I love to watch anything about treasure hunting. The mystery of where is it and how did it get
lost fascinates me.
What do you treasure most?
Have you ever thought about the treasures of your heart/soul? Maybe your wondering what are those
treasures? Some are attitudes, desires,
thoughts, values… this list comes from
the book ‘Boundaries in Marriage’ by Dr. H. Cloud and Dr. J. Townsend. We are responsible for our own treasures.
What do you consider to be a treasure? We only have control over our selves such as
our abilities to be happy, smile, think, investigate, choices, decisions etc. they
are ours.
In the above-mentioned book, it discusses relationships and
boundaries. Healthy relationships don’t
complete each other they complement each other.

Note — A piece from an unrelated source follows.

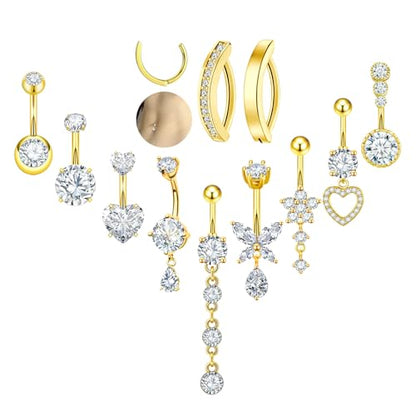 11 Pcs Belly Button Ring Dangle Stainless Steel Belly Rings 14G | Belly Button Piercing Cute Navel Ring Belly Piercing Jewelry for Women - style: 11G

There is a chapter in the book called “It takes two to make One.” They state, “Complementing each other means
bringing different perspectives, talents, abilities, experiences and other gifts
to the relationship and forming a partnership.”
I love that statement because it forces couples to look beyond
the statements of, they fulfill me and makes them think about what they bring
to the relationship.
They also state in the book, “Completing each other means making
up for one’s immaturity as a person.” Marriage
is meant to be a 100-100% going into marriage based on the other person making
up your immaturity doesn’t produce a healthy relationship. We each are responsible for our own character.
Here are just a few abilities we each must have that are basic
human requirements. “They are the ability to: learn and grow, have initiative
and drive, say no, be vulnerable and share feelings, grieve, be sexual, be
spiritual, be free and not controlled by external or internal factors.” I recommend reading the book, ‘Boundaries in
Marriage.’
If your completeness is dependent on another you will constantly
be looking for something, they can’t give you.
Only you can do the work needed to build your esteem and character.
Boundaries are where you start and stop. Knowing your own boundaries helps you to
choose your responses. These areas of
our life if we don’t evaluate and decide our responses then you’re going to
feel overwhelmed.
Making a hard conversation that could back-fire isn’t easy but
not addressing an issue is even harder to live with.
I like to have couples that I have worked with look at this list
and write what it means to them. Because
we are responsible for our own treasures.
“Your feelings, attitudes, behaviors, choices, limits, desires,
thoughts, values, talents, and love are aspects of your soul.” Owning your own treasures brings value to
your relationships.
The bible describes wisdom as a valuable treasure. Wisdom gives us the ability to process the
knowledge we have with the right choice.
God’s word also tells us that if we ask, God will give us wisdom
generously. To me wisdom is a great and
valuable treasure.
Proverbs 8:10 “For wisdom is better than rubies and all the
things one may desire cannot be compared with her.”
Knowing what to do when you need to do it is wisdom. Start looking at the treasures of your soul
and you will begin to understand about yourself and this helps us give from
what we have.
I know my identity is in Christ.
He has built me to be healthier and more confident in him and in my
life. To me Jesus is the Wisdom of God. He will help you look at the treasures of
your soul and help you grow in complementing your spouse.